Robots are programmable machines that can do certain tasks. Although limited, these products will make great substitutes for humans in certain cases with higher risks. These machines would easily come in handy in space explorations. And since it has zero-risk probabilities, these innovations will make room for more expeditions and research in 'extreme spaces'.
NASA, which has taken a huge interest in humanoid robots for years now, has awarded its advanced prototype automatons to two universities for research purposes and in preparation for humans and robots to team up in time.
The robot known as R5 or Valkyrie, will make its way to two universities -- one prototype will make it to the Massachusetts Institute of Technology's Computer Science and Artificial Intelligence Laboratory, while the other one to the Northeastern University in Boston. According to reports, the two universities were particularly chosen among the groups that have joined DARPA'S Robotics Challenge. Both universities will receive US$250,000 each per year on a two-year course as a financial resource for their research intiatives.
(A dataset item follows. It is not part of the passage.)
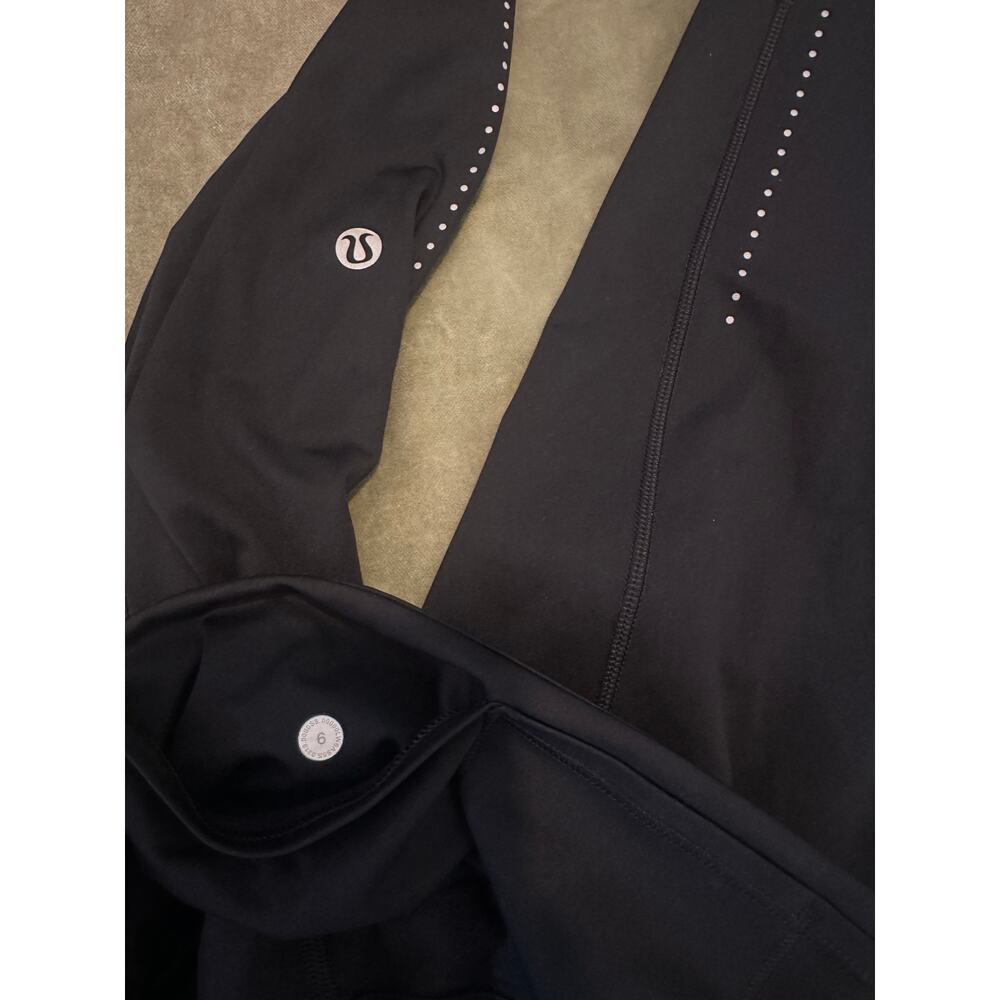 Lululemon Fast & Free Crop II Nulux 19" Black 6 - Picture 5 of 7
Valkyrie is a humanoid robot that stands 6 feet tall and weighs heavily at 290 pounds. It first appeared in DARPA'S Robotics Challenge two years ago. Also, it was originally designed for search and rescue missions, as well as disaster relief operations -- proving its undeniable superhero design.
According to reports, the research from both universities will be covering virtual simulations of humanoid robots as well as live demonstrations of advanced tasks using Valkyrie. The MIT CSAIL team's study goes by "Robust Autonomy for Extreme Space Environments," while Northeastern University in Boston's titles it as "Accessible Testing on Humanoid-Robot-R5 and Evaluation of NASA Administered Space Robotics Challenge."
Furthermore, the researches have to make a better software so that the robots will have more autonomy and dexterity. Valkyrie includes a multitude of sensors such as LIDAN, sonar and cameras in different parts of its body.